Now if you convert a SPDF to a "newsp" object you get a data frame. With geometry. What can you do with it? Well, anything you can do with a data frame, because that's exactly what it is. You want to do spatial things with it? Ah, well, for now here's some code that gets the geometry columns and turns it back into a SPDF:


as.SpatialPolygonsDataFrame.newsp = function(nsp){
  geom_column= attr(nsp,"the_geom")
  geom = nsp[[geom_column]]
  class(nsp) = "data.frame"
  geom = lapply(geom,readWKT)
  glist = lapply(geom,function(p){p@polygons[[1]]})
  for(i in 1:length(glist)){
    glist[[i]]@ID=as.character(i)
  }
  SpatialPolygonsDataFrame(SpatialPolygons(glist),nsp,match.ID=FALSE)
}

This just does the reverse of the previous function. So you can write a plot method for these newsp objects:


plot.newsp = function(x,...){
  d = as.SpatialPolygonsDataFrame.newsp(x)
  plot(d,...)
}

So far, so pointless? Eventually if you developed this you'd write code to interpret the WKT (or better still, use WKB for compactness) and draw from that. This is just proof-of-concept.

These WKT strings can be very long, and that messes up printing of these data frames. In order to neaten this up, let's write some methods for the geom class to truncate the output:


as.character.geom = function(x,...){
  paste0(substr(x,1,10),"...")
}

format.geom = function(x,...){
  as.character.geom(x)
}

But now we hit a problem with subclassing any classed vector. Facepalm. R drops the class. 

> z=1:10
> class(z)="foo"
> z
 [1]  1  2  3  4  5  6  7  8  9 10
attr(,"class")
[1] "foo"
> z[3:10]
[1]  3  4  5  6  7  8  9 10

Annoying. But how does a vector of dates work around this? Well, it defines a "[" method for date vectors. We'll just copy that line for line:


"[.geom" = function (x, ..., drop = TRUE) 
{
    cl = oldClass(x)
    class(x) = NULL
    val = NextMethod("[")
    class(val) = cl
    val
}


and while we're at it, we need a print method for the geom class too:


print.geom = function(x,...){
  print(paste0(substr(x,1,10),"..."))
}

Now look what I can do (using the Columbus data from one of the spdep examples):

> cnew = as.newsp.SpatialPolygonsDataFrame(columbus[,1:4])
> head(cnew)
      AREA PERIMETER COLUMBUS_ COLUMBUS_I      the_geom
0 0.309441  2.440629         2          5 POLYGON ((...
1 0.259329  2.236939         3          1 POLYGON ((...
2 0.192468  2.187547         4          6 POLYGON ((...
3 0.083841  1.427635         5          2 POLYGON ((...
4 0.488888  2.997133         6          7 POLYGON ((...
5 0.283079  2.335634         7          8 POLYGON ((...
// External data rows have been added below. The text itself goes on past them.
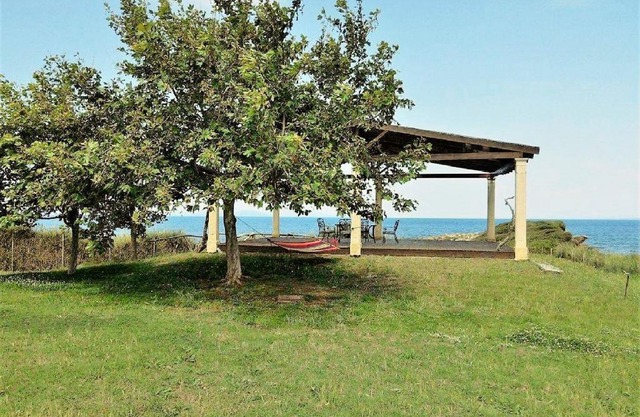 Sea Breeze Apartment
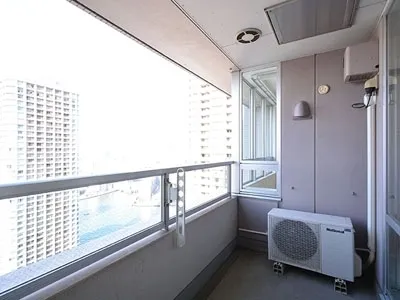 River City 21 East Towers II - Interior - ["Building", "Window", "Interior design"]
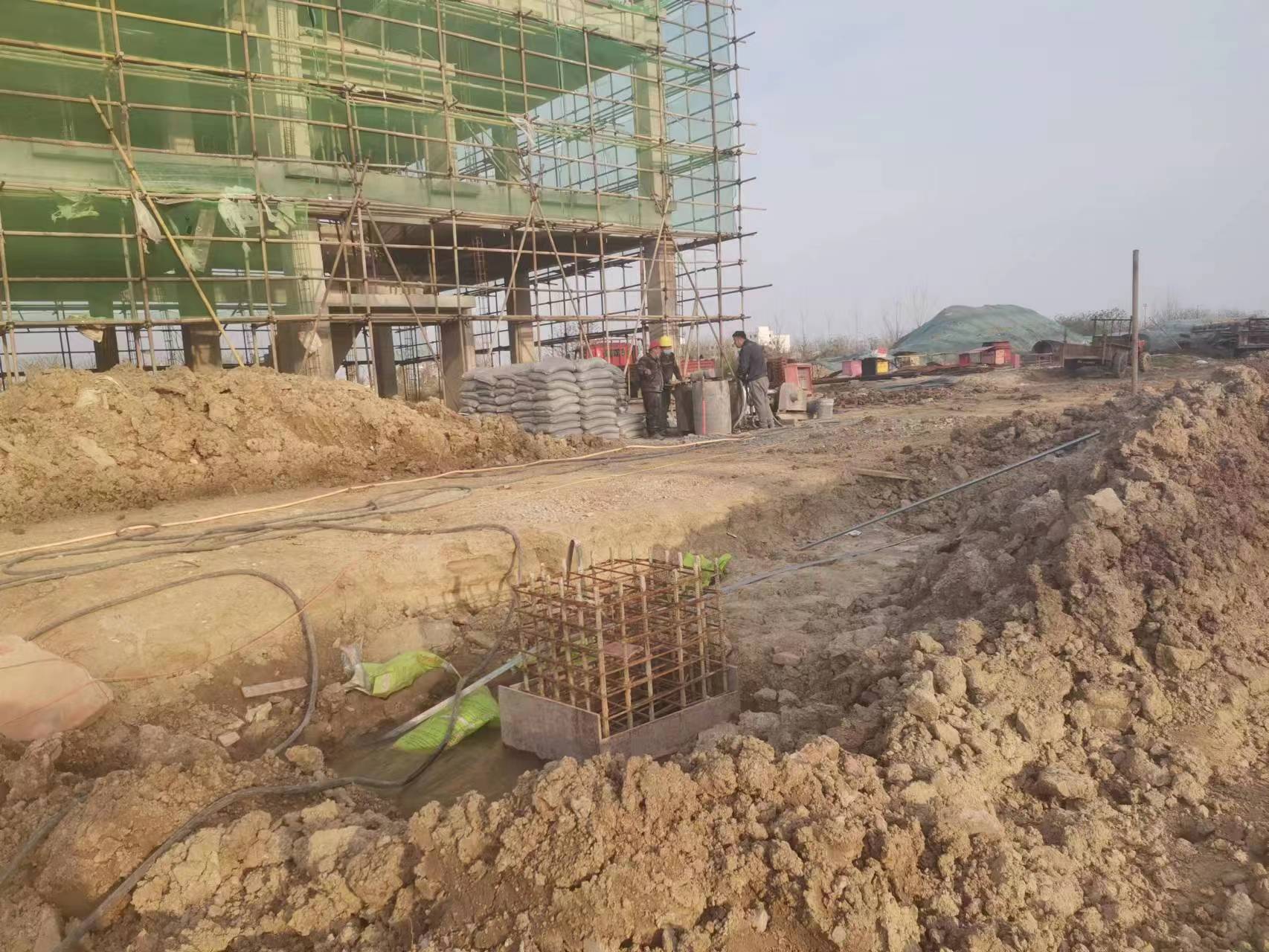 秀英当桥梁出现裂缝的时候应该及时加固修补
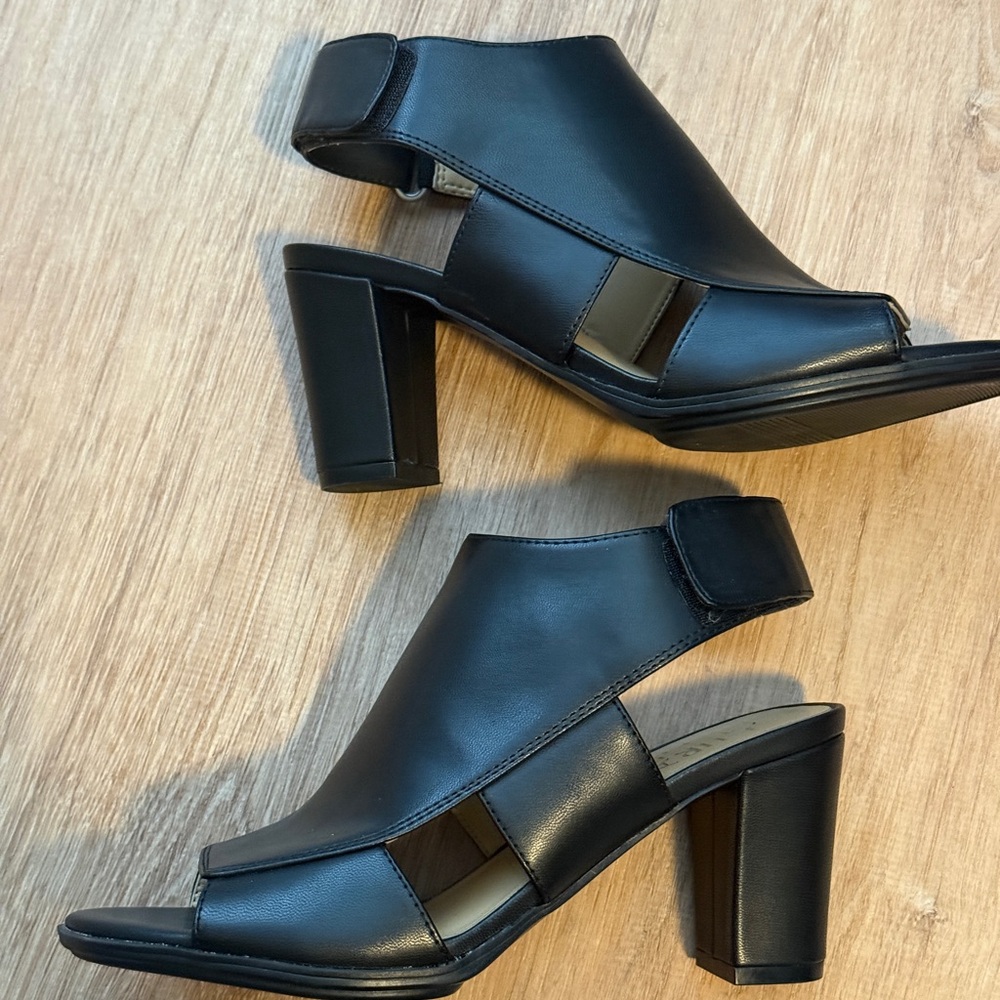 Naturalizer 6.5 Black Heeled Sandals- like new - Picture 2 of 6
This is what kicked this all off. Someone couldn't understand why head(spdf) didn't do what he expected - in some cases:

> pp=data.frame(x=1:10,y=1:10,z=1:10)
> coordinates(pp)=~x+y
> head(pp)
Error in `[.data.frame`(x@data, i, j, ..., drop = FALSE) : 
  undefined columns selected

Try it. Understand it. Then tell me that spatial data frames that inherit from data.frame with the spatial data in a column aren't a better idea. Its the principle of least **BOO!** surprise. Of course it would take a lot of work to re-tool all the R spatial stuff to use this, so it's not going to happen.

Another possibility may be to drop data.frames and use data.tables instead... Anyway, just an afternoon hack when I realised you could put WKT in a column.